"""

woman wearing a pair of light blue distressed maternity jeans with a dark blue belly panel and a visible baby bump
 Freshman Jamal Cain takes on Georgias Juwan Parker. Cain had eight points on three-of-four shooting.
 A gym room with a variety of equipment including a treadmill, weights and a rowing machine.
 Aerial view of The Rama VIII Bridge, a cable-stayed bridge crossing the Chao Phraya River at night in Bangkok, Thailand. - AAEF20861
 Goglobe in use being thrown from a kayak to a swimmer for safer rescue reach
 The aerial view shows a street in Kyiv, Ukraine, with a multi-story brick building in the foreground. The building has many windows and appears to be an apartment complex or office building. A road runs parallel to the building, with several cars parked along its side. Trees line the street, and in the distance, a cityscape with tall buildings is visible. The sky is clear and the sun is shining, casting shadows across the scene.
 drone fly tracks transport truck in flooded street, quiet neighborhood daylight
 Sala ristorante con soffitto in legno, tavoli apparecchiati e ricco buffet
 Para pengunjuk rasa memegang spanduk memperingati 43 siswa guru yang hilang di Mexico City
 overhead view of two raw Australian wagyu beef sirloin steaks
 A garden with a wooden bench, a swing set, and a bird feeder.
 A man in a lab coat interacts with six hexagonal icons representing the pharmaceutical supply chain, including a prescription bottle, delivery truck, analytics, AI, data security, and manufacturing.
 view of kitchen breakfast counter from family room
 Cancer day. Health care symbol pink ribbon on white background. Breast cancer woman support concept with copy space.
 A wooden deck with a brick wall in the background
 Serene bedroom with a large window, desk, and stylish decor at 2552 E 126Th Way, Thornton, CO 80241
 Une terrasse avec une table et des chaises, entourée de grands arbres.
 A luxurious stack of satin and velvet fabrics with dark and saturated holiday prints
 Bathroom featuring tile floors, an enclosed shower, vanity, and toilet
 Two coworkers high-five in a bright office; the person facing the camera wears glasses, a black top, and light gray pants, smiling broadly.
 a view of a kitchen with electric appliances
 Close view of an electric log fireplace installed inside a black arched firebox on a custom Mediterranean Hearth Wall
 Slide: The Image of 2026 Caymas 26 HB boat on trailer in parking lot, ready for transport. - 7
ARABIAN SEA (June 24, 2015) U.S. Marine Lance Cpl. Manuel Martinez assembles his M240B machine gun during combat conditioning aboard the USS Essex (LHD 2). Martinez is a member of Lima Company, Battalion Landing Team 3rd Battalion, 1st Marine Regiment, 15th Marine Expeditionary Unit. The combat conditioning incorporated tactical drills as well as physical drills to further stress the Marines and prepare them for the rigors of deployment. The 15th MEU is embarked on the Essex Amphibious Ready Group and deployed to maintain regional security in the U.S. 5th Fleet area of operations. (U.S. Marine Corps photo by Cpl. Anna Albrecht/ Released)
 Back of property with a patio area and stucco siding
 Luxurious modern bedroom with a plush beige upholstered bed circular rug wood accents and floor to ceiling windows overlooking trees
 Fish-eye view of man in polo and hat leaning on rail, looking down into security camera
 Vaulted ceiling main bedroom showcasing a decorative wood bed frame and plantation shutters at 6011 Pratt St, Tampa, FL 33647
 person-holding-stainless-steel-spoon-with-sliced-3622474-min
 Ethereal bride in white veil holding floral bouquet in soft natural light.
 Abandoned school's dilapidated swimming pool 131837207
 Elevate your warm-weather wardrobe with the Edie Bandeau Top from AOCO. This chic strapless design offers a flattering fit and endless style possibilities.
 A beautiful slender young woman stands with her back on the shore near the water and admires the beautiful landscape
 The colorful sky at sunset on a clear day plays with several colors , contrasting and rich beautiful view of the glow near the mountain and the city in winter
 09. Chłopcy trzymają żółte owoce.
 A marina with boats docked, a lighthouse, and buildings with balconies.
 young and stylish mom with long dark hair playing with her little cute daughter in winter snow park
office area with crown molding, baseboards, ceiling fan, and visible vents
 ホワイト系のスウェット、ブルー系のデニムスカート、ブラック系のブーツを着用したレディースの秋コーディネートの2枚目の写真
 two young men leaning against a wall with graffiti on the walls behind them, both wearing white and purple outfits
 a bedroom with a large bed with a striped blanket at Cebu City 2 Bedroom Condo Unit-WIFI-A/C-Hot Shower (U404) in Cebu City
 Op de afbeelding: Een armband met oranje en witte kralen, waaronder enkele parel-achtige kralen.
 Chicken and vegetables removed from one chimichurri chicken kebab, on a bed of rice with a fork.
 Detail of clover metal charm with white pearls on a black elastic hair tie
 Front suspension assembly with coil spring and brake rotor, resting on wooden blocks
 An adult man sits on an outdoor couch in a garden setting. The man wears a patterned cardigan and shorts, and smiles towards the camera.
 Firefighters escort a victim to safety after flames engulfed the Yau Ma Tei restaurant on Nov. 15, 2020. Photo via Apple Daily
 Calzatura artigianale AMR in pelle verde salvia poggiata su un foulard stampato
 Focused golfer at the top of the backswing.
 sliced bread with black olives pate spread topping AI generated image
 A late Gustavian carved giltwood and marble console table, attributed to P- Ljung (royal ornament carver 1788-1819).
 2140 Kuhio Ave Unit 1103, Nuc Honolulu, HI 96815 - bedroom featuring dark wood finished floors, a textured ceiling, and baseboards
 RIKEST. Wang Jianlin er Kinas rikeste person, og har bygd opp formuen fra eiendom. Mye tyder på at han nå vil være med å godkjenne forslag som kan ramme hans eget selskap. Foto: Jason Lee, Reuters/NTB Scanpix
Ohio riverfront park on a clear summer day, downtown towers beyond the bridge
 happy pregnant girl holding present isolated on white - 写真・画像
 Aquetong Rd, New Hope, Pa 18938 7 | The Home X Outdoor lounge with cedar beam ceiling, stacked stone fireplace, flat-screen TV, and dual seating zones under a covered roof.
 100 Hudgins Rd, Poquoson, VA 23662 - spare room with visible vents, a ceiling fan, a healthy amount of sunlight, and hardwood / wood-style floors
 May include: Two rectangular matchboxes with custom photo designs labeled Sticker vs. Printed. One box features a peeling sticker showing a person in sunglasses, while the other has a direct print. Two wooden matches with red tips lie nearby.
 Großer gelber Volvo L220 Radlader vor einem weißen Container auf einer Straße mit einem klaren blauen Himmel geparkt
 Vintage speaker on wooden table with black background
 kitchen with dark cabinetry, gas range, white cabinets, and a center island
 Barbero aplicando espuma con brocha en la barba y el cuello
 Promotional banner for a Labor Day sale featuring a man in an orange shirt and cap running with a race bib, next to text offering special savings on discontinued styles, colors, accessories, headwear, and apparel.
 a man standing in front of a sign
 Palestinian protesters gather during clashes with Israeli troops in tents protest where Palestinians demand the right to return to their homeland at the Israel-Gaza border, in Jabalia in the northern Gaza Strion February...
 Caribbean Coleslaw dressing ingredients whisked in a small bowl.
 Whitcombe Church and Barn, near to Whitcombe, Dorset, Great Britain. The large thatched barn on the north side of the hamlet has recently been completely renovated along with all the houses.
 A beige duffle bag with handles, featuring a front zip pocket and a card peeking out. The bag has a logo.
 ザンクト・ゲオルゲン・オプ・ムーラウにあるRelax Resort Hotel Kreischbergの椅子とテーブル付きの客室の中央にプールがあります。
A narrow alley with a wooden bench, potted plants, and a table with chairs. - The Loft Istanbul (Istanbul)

"""

• **Task prompt**
Within the material above, output exactly the lines from the one with "Para pengunjuk rasa" through the one with "Slide: The Image", end lines included, and nothing besides.

• **Result of this task**
 Para pengunjuk rasa memegang spanduk memperingati 43 siswa guru yang hilang di Mexico City
 overhead view of two raw Australian wagyu beef sirloin steaks
 A garden with a wooden bench, a swing set, and a bird feeder.
 A man in a lab coat interacts with six hexagonal icons representing the pharmaceutical supply chain, including a prescription bottle, delivery truck, analytics, AI, data security, and manufacturing.
 view of kitchen breakfast counter from family room
 Cancer day. Health care symbol pink ribbon on white background. Breast cancer woman support concept with copy space.
 A wooden deck with a brick wall in the background
 Serene bedroom with a large window, desk, and stylish decor at 2552 E 126Th Way, Thornton, CO 80241
 Une terrasse avec une table et des chaises, entourée de grands arbres.
 A luxurious stack of satin and velvet fabrics with dark and saturated holiday prints
 Bathroom featuring tile floors, an enclosed shower, vanity, and toilet
 Two coworkers high-five in a bright office; the person facing the camera wears glasses, a black top, and light gray pants, smiling broadly.
 a view of a kitchen with electric appliances
 Close view of an electric log fireplace installed inside a black arched firebox on a custom Mediterranean Hearth Wall
 Slide: The Image of 2026 Caymas 26 HB boat on trailer in parking lot, ready for transport. - 7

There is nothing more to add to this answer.